U-571 (2000) starring Matthew McConaughey, Bill Paxton, Harvey Keitel, Jon Bon Jovi, Jake Weber, Erik Palladino, Matthew Settle, David Keith directed by Jonathan Mostow Movie Review

U-571 (2000)   3/53/53/53/53/5

Matthew McConaughey in U-571 (2000)

We Dive Again

When the German U-boat "U-571" is hit and immobilized by an Allied destroyer the US Navy come up with a plan to masquerade one of their subs as a German U-boat and have a team of men board the "U-571" in order to capture the important Enigma Coding machine. But whilst the men lead by Lieutenant Tyler (Matthew McConaughey) and Lieutenant Commander Dahlgren (Bill Paxton) board the U-571 their submarine is destroyed by another German sub. With no where to go Tyler plans to guide the damaged U-571 to English waters but comes under attack from a nearby German destroyer which becomes aware that all is not right and needs to prevent the sub and the Enigma machine from getting into the Allies hands.

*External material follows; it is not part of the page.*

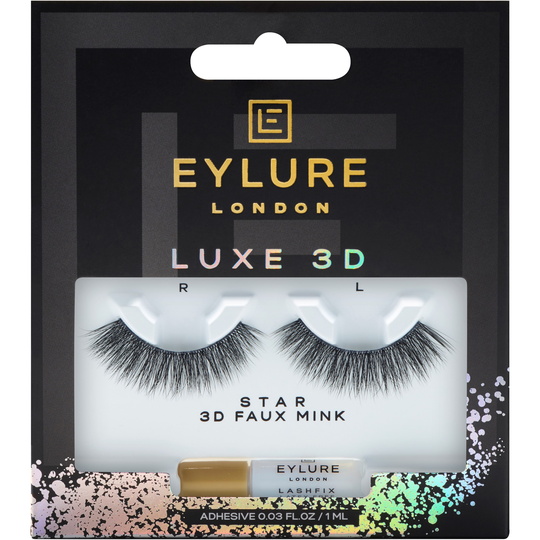Eylure Luxe 3D Star Lash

Let me get a gripe out of the way with first as whilst "U-571" is a work of fiction the fact we have a story featuring Americans capturing the Enigma machine first is annoying as the Americans weren't even in the war when the British did this and it is the sort of thing which can mislead those who like to think America won the war. Anyway beyond that gripe "U-571" is a competent submarine movie but one which due to the limitations of submarine movies ends up feeling familiar to the point it almost feels like it has been built purely out of cliches.

Bill Paxton in U-571 (2000)

As such whilst we are served up this fictitious story of a stricken U-boat and the heroics of a group of US Navy seamen who board it to capture the Enigma machine what we get is familiarity. That starts with the conflict between Tyler and Dahlgren with Tyler feeling that Dahlgren has intentionally held him back and blocked his promotion leading to a certain amount of animosity between them. And when we are aboard the stricken submarine we get the familiar elements from the danger of diving to deep as the creaking hull might not hold to the firing out of oil and belongings to try and dupe the German destroyer into thinking they are sunk. Basically many of the moments of drama are the same ones which have filled movies about submarines ever since the first one was made.

But whilst the moments of drama and conflict as well as to be honest the characters which fill "U-571" are familiar and little more than cliches director Jonathan Mostow keeps things ticking over and does a nice job of making the most of the moments of drama to create edge of your seat tension and atmosphere. Again it is familiar but it is the fact that "U-571" is exciting which stops it from being a pointless attempt to update the war movies of the 50s and 60s when there were a lot more of these submarine movies.

As for the acting well due to the writing it comes under the term of being full on American bravado with larger than life characters who all have a bit of the John Wayne Yippee ki-yay about them. In terms of entertainment they work but it doesn't make them the most authentic characters to ever board a submarine during a WWII submarine movie.

What this all boils down to is that "U-571" is little more than a 2000 update on the submarine movies which came during the 50s and 60s, obviously benefiting from improved cinema technology when it come to the action side of things. But it does mean that what we get is a lot of submarine movie cliches from conflicts between officers to near misses and moments of tension when it comes to whether or not a submarine will be crushed under the pressure of water. And as such if you are a fan or have watched those older submarine movies this modern attempt doesn't really bring anything new to the mix.